Directions:
Where the material below has a line containing "The DRM482P 2048'", start repeating exactly, and keep going through the line containing "Emerald tiara, Green", with no other lines.

Exercise material:

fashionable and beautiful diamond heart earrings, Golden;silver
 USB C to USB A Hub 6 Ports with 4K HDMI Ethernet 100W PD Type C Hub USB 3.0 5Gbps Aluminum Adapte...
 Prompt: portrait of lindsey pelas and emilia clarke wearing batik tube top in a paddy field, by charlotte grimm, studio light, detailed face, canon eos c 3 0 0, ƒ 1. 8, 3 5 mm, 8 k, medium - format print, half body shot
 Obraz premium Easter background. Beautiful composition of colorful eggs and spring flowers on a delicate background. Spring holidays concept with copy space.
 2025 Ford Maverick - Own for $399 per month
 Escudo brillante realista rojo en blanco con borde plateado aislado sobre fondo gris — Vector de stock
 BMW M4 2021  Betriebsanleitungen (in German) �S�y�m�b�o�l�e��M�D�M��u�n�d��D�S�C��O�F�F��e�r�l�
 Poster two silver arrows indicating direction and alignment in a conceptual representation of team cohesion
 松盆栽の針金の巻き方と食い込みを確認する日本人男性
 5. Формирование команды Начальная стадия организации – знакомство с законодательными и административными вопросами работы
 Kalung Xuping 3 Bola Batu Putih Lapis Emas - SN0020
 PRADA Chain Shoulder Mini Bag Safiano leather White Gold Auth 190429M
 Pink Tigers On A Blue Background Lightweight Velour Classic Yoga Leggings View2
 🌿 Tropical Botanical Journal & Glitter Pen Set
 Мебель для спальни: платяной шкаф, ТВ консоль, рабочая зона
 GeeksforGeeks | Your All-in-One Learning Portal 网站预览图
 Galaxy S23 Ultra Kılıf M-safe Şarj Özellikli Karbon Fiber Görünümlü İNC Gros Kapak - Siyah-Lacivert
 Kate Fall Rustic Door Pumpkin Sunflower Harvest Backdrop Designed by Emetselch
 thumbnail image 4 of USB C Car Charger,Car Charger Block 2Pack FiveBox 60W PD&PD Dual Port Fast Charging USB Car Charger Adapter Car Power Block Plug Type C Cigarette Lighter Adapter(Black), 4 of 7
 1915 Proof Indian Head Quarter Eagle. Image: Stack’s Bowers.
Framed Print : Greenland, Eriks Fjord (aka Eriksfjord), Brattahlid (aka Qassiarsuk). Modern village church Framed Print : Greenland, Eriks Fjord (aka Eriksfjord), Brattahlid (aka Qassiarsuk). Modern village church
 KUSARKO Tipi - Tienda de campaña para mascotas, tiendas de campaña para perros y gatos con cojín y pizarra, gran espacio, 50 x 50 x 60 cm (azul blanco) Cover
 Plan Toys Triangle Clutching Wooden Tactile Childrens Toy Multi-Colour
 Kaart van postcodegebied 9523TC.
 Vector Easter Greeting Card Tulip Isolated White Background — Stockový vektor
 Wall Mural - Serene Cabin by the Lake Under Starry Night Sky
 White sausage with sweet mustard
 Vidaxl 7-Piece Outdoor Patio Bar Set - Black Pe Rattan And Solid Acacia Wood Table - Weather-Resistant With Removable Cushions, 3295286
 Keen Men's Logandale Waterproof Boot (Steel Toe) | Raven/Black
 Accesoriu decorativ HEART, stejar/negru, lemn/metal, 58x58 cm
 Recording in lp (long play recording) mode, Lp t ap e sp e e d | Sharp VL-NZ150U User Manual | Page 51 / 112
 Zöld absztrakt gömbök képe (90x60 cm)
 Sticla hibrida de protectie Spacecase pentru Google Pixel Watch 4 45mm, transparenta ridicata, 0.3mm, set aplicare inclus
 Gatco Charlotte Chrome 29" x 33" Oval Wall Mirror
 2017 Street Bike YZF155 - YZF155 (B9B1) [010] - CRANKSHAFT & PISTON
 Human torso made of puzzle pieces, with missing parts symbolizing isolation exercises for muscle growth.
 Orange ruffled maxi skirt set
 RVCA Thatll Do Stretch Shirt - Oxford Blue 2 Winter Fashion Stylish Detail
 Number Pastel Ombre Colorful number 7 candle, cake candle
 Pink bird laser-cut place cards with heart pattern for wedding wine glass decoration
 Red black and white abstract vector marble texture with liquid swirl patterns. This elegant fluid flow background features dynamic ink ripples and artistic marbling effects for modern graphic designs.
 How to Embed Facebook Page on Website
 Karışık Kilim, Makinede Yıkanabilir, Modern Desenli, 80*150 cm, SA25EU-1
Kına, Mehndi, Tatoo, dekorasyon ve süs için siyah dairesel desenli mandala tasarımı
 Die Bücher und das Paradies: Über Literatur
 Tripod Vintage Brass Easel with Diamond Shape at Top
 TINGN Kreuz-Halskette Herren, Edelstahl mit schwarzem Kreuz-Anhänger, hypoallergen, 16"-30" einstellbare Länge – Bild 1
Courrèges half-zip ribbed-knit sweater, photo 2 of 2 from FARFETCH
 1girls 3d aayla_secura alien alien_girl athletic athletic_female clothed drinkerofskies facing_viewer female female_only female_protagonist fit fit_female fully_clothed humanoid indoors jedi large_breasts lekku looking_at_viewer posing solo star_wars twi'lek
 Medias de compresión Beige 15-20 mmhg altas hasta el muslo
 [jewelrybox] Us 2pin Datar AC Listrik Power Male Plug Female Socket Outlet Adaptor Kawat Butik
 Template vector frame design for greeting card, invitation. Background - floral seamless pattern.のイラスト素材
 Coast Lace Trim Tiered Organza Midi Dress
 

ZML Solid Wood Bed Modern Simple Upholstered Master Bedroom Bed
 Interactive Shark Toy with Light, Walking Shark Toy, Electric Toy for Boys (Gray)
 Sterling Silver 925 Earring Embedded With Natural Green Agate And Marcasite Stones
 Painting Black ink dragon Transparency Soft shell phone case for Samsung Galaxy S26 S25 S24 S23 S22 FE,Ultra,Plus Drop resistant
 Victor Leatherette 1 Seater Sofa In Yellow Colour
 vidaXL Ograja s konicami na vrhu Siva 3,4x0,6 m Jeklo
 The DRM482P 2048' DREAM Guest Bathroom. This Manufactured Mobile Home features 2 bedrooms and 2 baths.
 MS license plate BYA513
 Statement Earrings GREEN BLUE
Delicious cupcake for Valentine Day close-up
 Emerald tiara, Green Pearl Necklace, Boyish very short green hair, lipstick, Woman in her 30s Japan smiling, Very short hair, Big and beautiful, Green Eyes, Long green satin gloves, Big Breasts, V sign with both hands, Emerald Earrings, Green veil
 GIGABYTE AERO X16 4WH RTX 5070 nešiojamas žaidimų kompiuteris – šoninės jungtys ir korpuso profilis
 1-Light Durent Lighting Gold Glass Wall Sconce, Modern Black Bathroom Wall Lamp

Result of the exercise:
 The DRM482P 2048' DREAM Guest Bathroom. This Manufactured Mobile Home features 2 bedrooms and 2 baths.
 MS license plate BYA513
 Statement Earrings GREEN BLUE
Delicious cupcake for Valentine Day close-up
 Emerald tiara, Green Pearl Necklace, Boyish very short green hair, lipstick, Woman in her 30s Japan smiling, Very short hair, Big and beautiful, Green Eyes, Long green satin gloves, Big Breasts, V sign with both hands, Emerald Earrings, Green veil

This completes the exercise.